I have another question in this regard, though – does every spermatozoon in men’s semen carry a soul within it? Or is it one soul taking shelter in the impregnated ovum regardless of which spermatozoon did the job? I think the former makes more sense – every spermatozoon appears to have a life of its own, each has got it’s own flagellating tail that propels it forward. If that is true, then one discharge carries some fifty million spermatozoa, give or take ten-twenty million. Only one of them gets to be born. What are the chances?
Otoh, it might be that all these millions of souls are destined to live only a short life and die, again and again, while those destined to become human get their bodies on the first try.
Anyway, my point was that getting this human form of life is very very rare and should be considered as great mercy even before we talk about spiritual potential. We can also consider the amount of patience needed to attain a human body and get an idea how long we might have to wait to see results of our chanting. We probably need incomparably more patience than we have now.
The purport continues: “..but the Lord does not give self-realization to such a misguided person.” If we just follow our mind and engage our senses we won’t get self-realization from the Lord, therefore we need strong intelligence to keep our mind under control. We need to know how this world works, how illusion works, how modes of nature compel us to act and so on. Armed with such knowledge we will consider urges of the mind as insignificant when compared to our real benefits. As I said, this part is more or less the same for us, impersonalists, or Buddhists, but the purport then takes it further and discusses the situation of a devotee, which is indeed unique.
Devotees do not rely so much on their intelligence but on being engaged and protected by the Lord. Impersonalists learn to tolerate their minds through austerities but devotees control them not because they “know better” but because the Lord gives them a higher taste. Their senses are sharp and active but they are not engaged in personal enjoyment, only in service to the Lord.

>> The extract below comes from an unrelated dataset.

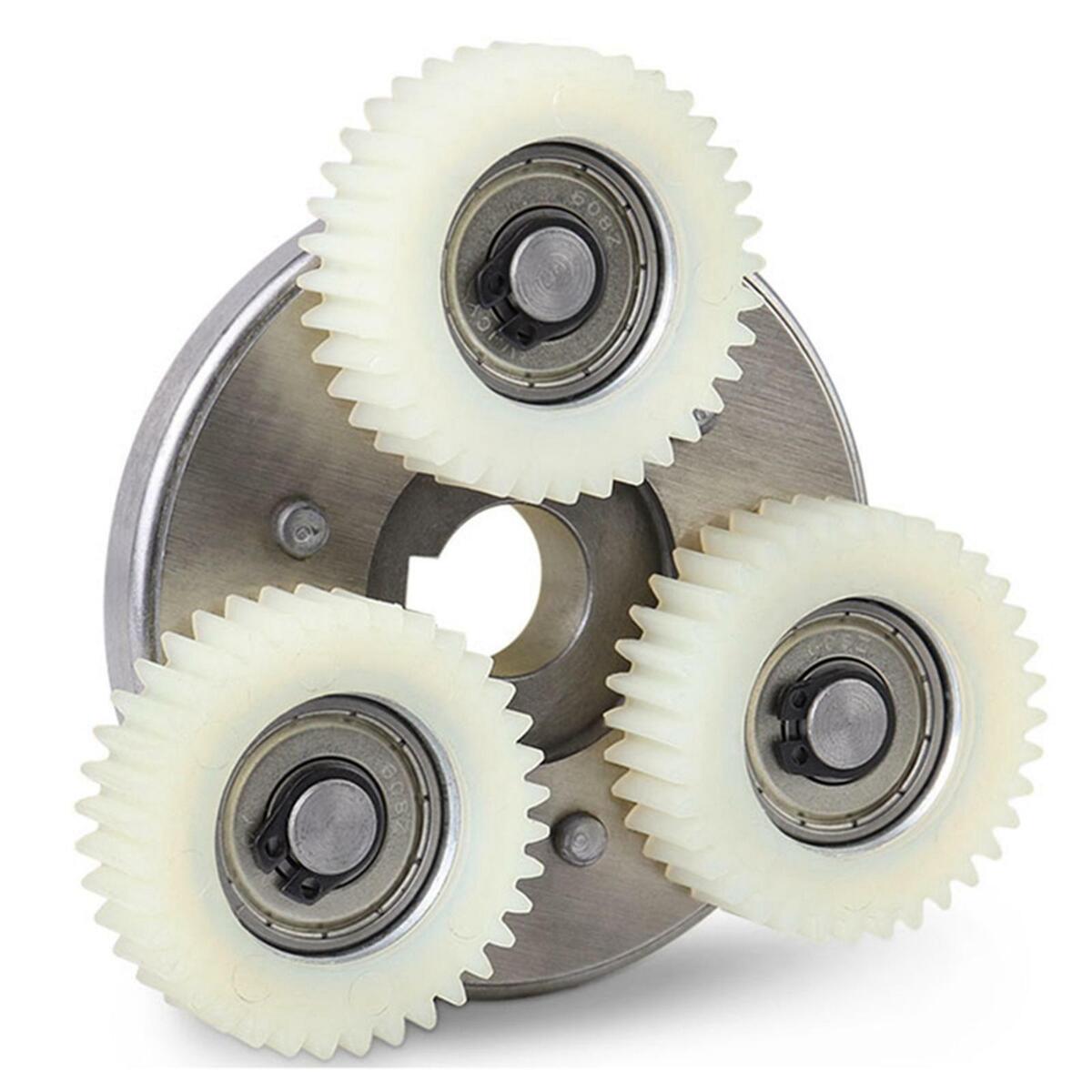 36T Planetary Gear with Clutch 38mm 36 Teeths 36T Gear Set for  Motor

It’s ABC for us but we shouldn’t take the opportunity to serve for granted either. It can happen only by Kṛṣṇa’s arrangement, we can’t do it on our own. Consider how many variables need to come together for us to perform a simple arāti, for example. There need to be Deities first. There need to be a temple. There need to be a program of temple worship, the schedule, the funds, the paraphernalia etc. Then we need to have a second initiation and proper training. We also need permission from our authorities, we can’t just get up on the altar and conduct an arāti. We also need to take turns with other devotees because on person can’t physically carry all the ISKCON deity service by himself.
For many of us, actual, authorized service to the Lord takes only a small part of our day while we are forced to spend the rest of our time chasing our minds. Perhaps this is when having strong and clear intelligence is helpful.
Speaking of duplicity – it mostly manifests in our intelligence. Our minds are too simple to scheme, our hearts are mostly in the right place, but it’s our intelligence that works very hard to find ways to justify our sense indulgence and not feel guilty about it. It’s our intelligence that scans our memory for quotes and examples where enjoying matter looks innocent and even welcome. We never forget those, I know I don’t.
Devotee’s intelligence is strong and independent of the modes of nature. It’s impossible to sway, it doesn’t give in to passion and it doesn’t devise elaborate plans to enjoy in the future, nor does it give in to the mode of ignorance which leads one to self-destructive activities.
Well, it’s time to wind up this post and I covered only one word. At least the next one is very close – dāntaḥ, controlling one’s senses, which is a natural next step, that’s what intelligence undisturbed by material desires is for. A devotee achieves this by engaging sense in Lord’s service, as I already said, but, perhaps, we should give the credit to the Lord for engaging His devotees’ senses. On our own we can’t do anything, we are totally dependent on the Lord to provide the opportunities for us to serve.
I’ll end this up by saying that this dāntaḥ shouldn’t be confused with dantaḥ, a word that relates to guess what? Dentistry. Dantaḥ with short “a” means teeth.